SOURCE DATA >>
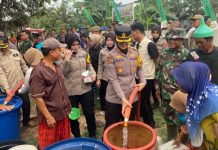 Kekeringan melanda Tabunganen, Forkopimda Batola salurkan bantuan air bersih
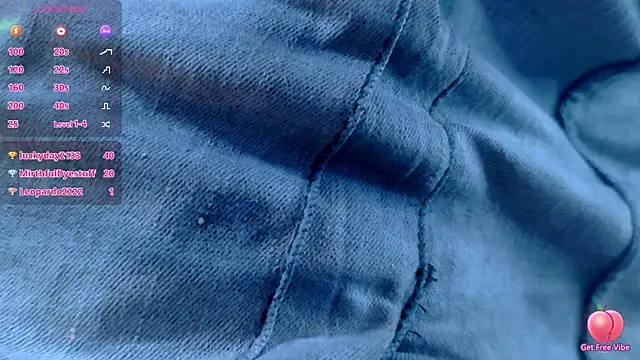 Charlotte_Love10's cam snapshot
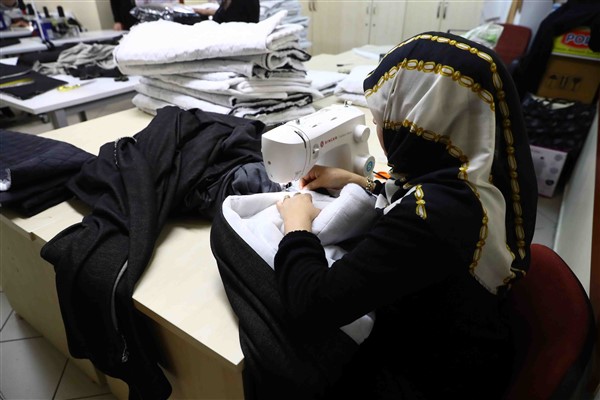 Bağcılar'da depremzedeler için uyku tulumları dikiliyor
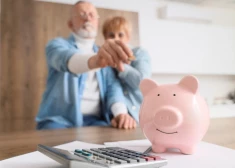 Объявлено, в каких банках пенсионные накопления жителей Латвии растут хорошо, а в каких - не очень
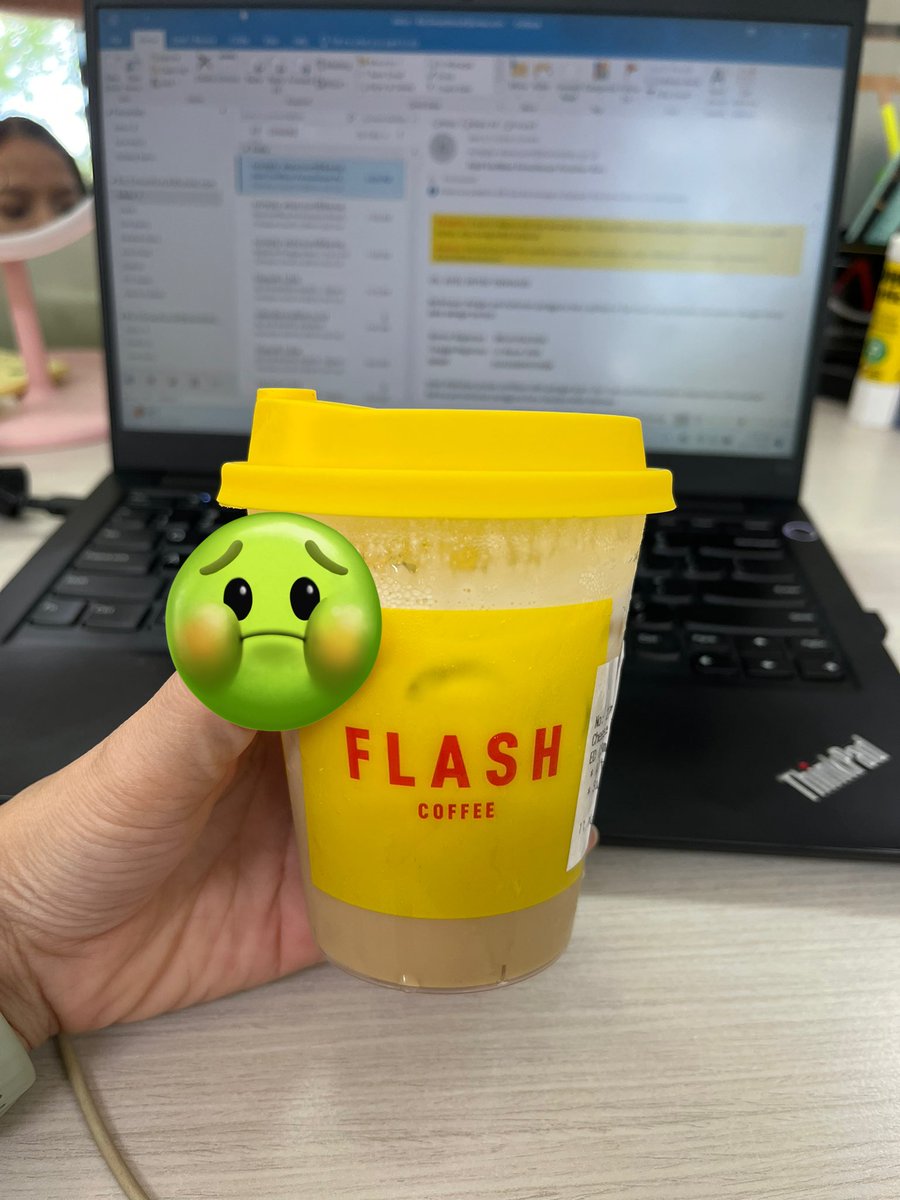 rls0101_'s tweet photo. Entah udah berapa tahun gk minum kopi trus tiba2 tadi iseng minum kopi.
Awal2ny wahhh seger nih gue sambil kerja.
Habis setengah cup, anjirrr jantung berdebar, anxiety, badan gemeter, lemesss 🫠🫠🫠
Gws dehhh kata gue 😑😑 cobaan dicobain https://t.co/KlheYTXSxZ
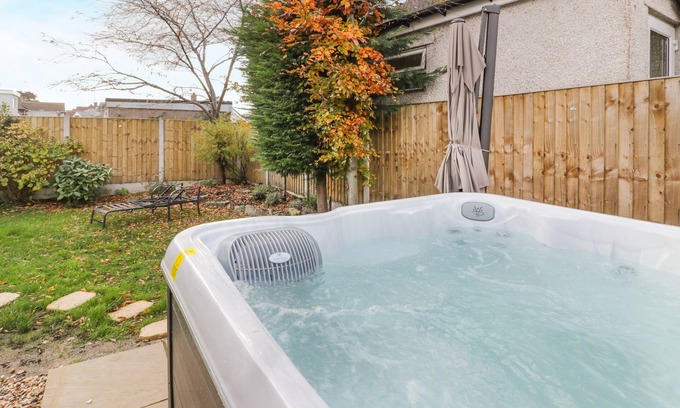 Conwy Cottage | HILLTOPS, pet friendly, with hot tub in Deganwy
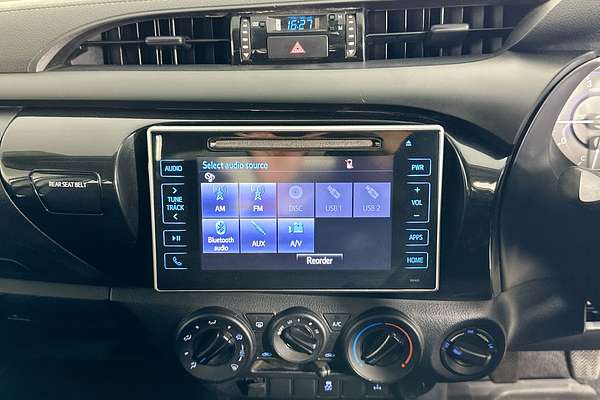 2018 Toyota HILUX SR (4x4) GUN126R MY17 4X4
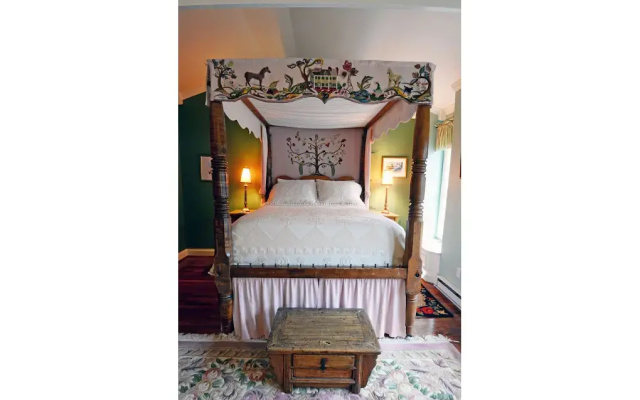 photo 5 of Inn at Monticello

WHAT YOU ARE ASKED TO DO >> Go through the material above and retype every line exactly, without the images.

RESPONSE BOX >>
 Kekeringan melanda Tabunganen, Forkopimda Batola salurkan bantuan air bersih
 Charlotte_Love10's cam snapshot
 Bağcılar'da depremzedeler için uyku tulumları dikiliyor
 Объявлено, в каких банках пенсионные накопления жителей Латвии растут хорошо, а в каких - не очень
 rls0101_'s tweet photo. Entah udah berapa tahun gk minum kopi trus tiba2 tadi iseng minum kopi.
Awal2ny wahhh seger nih gue sambil kerja.
Habis setengah cup, anjirrr jantung berdebar, anxiety, badan gemeter, lemesss 🫠🫠🫠
Gws dehhh kata gue 😑😑 cobaan dicobain https://t.co/KlheYTXSxZ
 Conwy Cottage | HILLTOPS, pet friendly, with hot tub in Deganwy
 2018 Toyota HILUX SR (4x4) GUN126R MY17 4X4
 photo 5 of Inn at Monticello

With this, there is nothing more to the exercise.